WHAT IS NEEDED:
Print nothing but the lines below starting at the line that holds "73年出生属什么是什么命,73年的是什么命?" and ending at the line that holds "Sheep on Waskerley Moor A5 greetings card", including both, each exactly as written.

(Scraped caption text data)
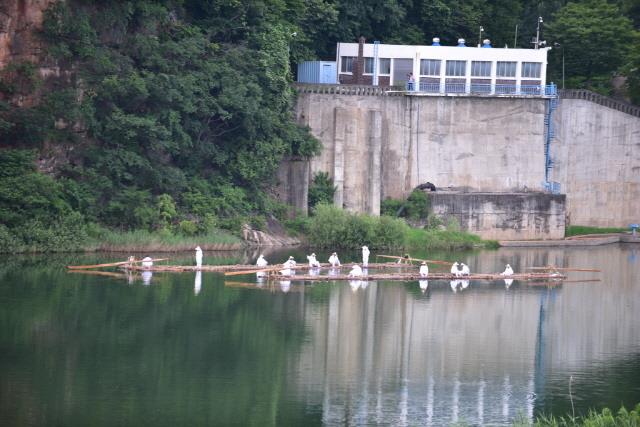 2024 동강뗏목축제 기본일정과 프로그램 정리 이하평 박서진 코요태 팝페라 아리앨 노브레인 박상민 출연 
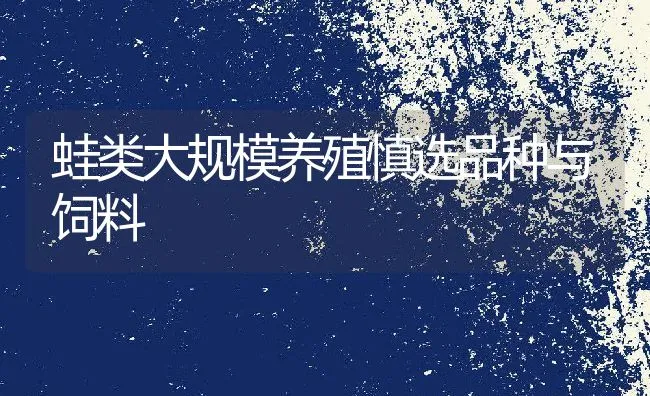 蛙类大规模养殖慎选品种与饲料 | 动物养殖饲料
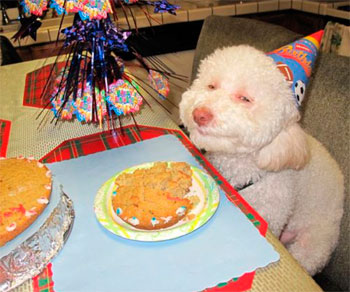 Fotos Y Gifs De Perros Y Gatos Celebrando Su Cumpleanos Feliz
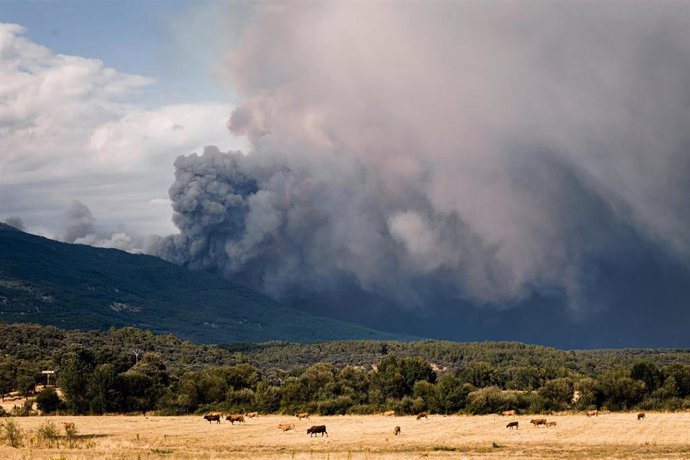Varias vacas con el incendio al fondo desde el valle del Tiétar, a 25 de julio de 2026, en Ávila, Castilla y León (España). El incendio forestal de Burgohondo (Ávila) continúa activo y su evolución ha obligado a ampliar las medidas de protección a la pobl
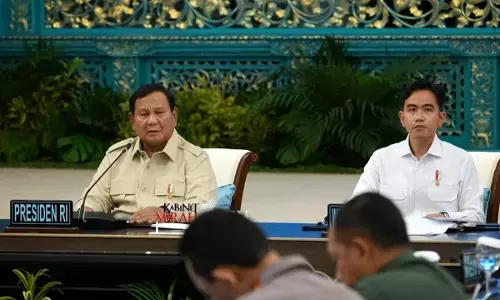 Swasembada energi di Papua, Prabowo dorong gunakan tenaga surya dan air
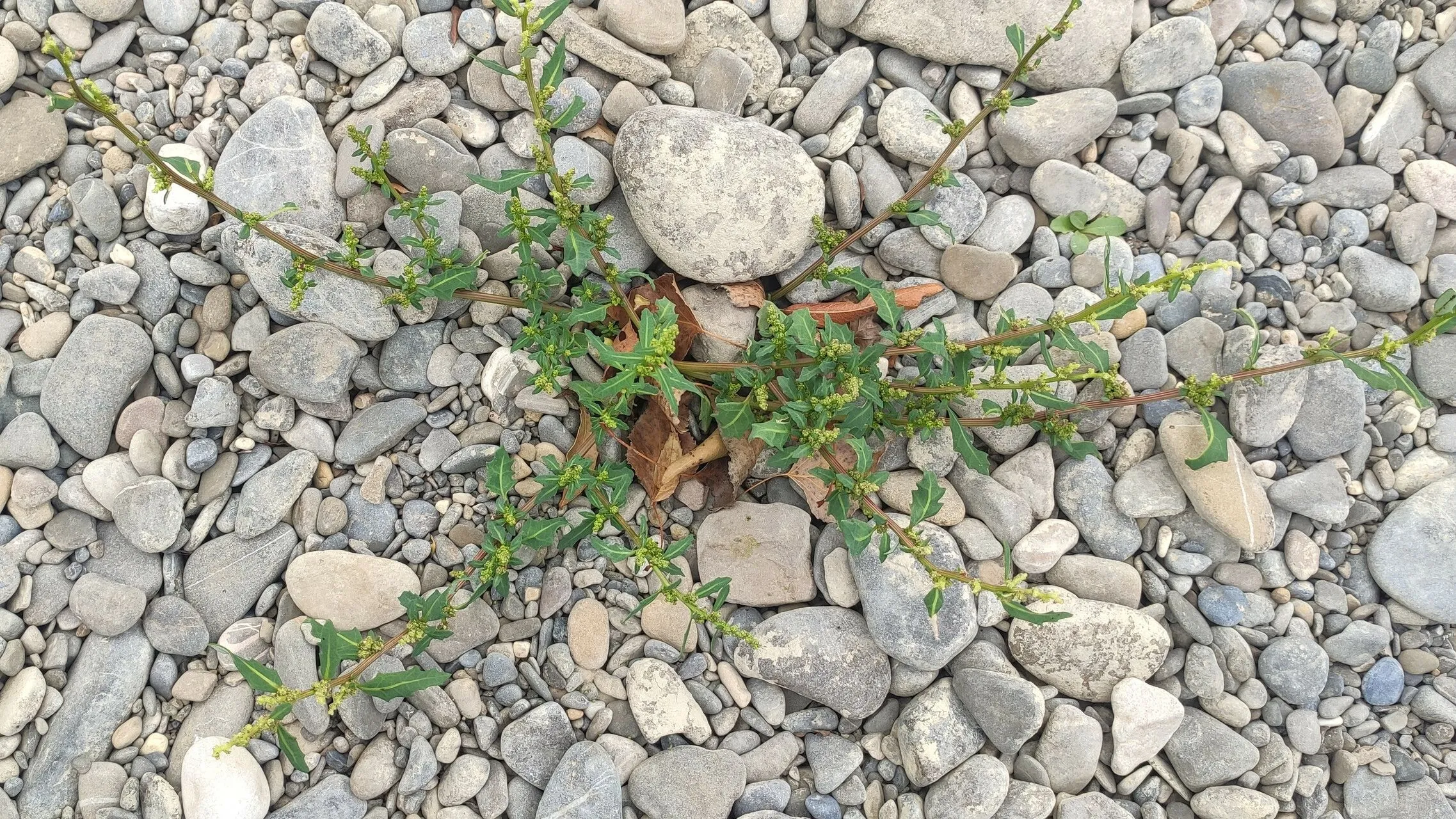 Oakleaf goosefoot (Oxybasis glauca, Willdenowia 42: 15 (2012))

...

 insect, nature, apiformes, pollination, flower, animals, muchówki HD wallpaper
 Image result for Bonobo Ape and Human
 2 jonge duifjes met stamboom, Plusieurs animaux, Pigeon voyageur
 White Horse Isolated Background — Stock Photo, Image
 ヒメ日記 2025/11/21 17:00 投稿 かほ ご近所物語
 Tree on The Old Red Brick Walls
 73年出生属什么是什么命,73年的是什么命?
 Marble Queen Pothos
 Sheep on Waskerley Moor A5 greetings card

--

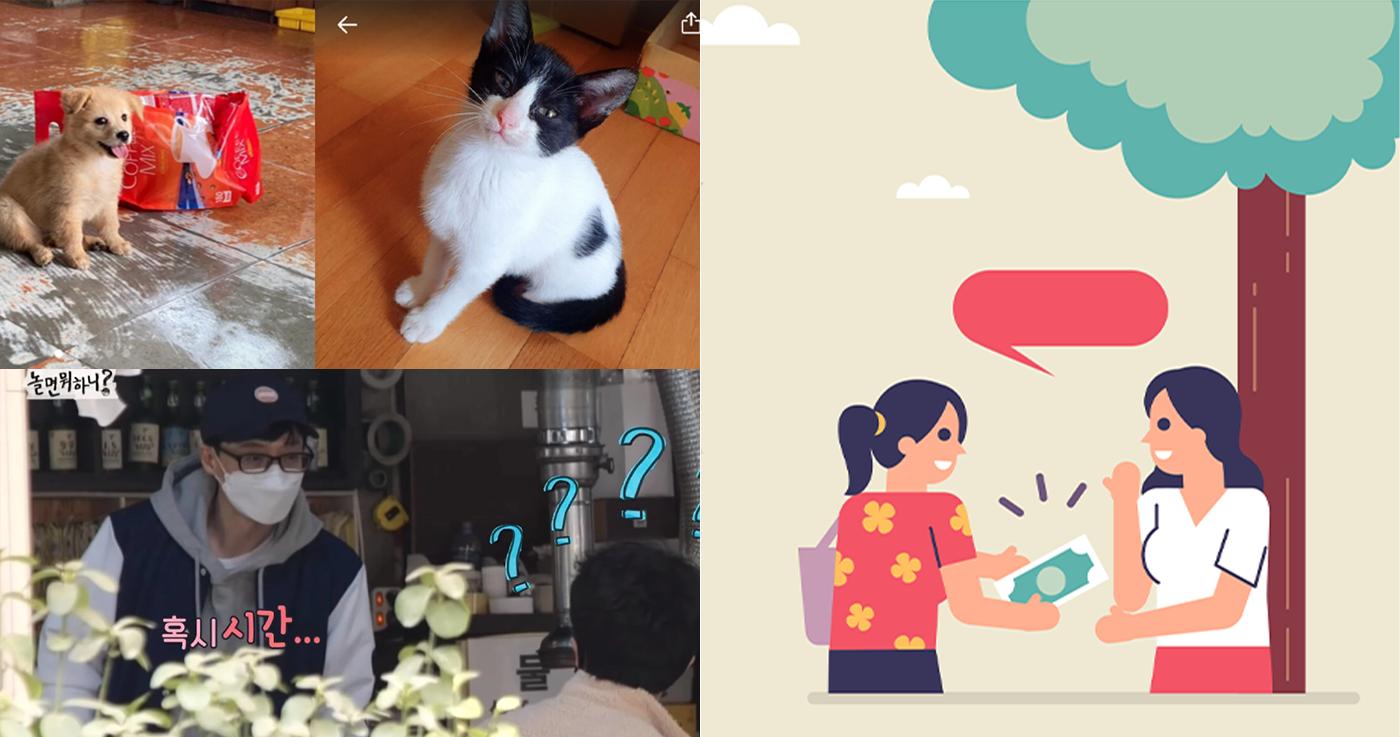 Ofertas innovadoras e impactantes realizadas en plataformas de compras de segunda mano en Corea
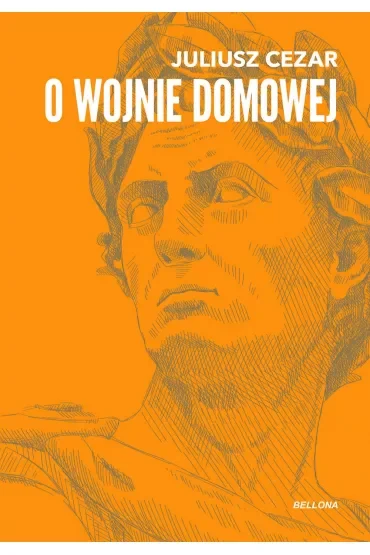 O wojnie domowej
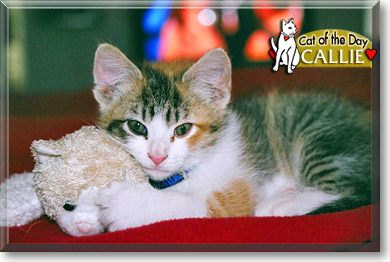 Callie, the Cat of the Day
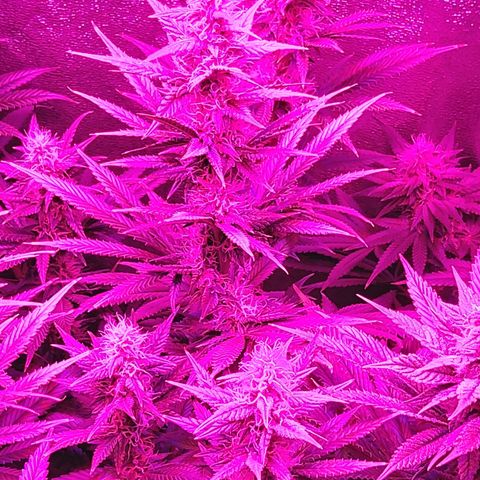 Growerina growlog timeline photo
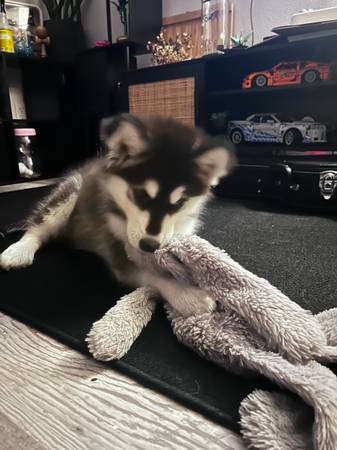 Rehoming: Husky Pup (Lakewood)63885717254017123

TASK SOLUTION:
 73年出生属什么是什么命,73年的是什么命?
 Marble Queen Pothos
 Sheep on Waskerley Moor A5 greetings card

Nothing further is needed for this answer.